As a professional actor I was rehearsing Hamlet, for the sixth or seventh time in my life, at the National Theatre. And I'd been deeply involved in politics, standing as a Labour Parliamentary candidate in 1987. I was also writing what must have been my fourth crack at the Great British Novel. Words were everywhere, and I longed for something concrete and complimentary.
At the school I'd attended you chose between Ancient Greek and science at the age of fourteen and I'd taken Greek - plus French, Spanish, Latin and later Russian.
I kicked off with the OU science Foundation Course, got absorbed by biochemistry, then the immune system, the brain, evolution, animal physiology and calculus as a side-line.
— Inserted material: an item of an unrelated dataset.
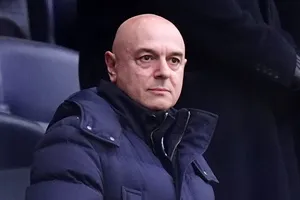 Daniel Levy từ chức Chủ tịch Tottenham sau gần 25 năm cầm quyền gây chia rẽ.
With the enormous encouragement the OU offered - one time I had to request late arrival for Summer School labwork because of two performances of Hamlet - I got a general degree and later, to my own delight and surprise, a First Class Honours BSc.
It took seven years. Of course I can never claim to be a hands-on cutting- edge scientist. But in terms of the "two-culture" argument it worked. Both sides of the GM dispute, for example, make their own appropriate sense - but neither has a monopoly of wisdom. And studies of brain, behaviour and biochemistry throw their own light on Hamlet or any other piece of literary imagination.
Best of all, reading science journals can be a particular pleasure and they have their own stillness and reality in the midst of political rhetoric and dramatic poetry. The OU is a pleasant bridge on which to cross the culture divide.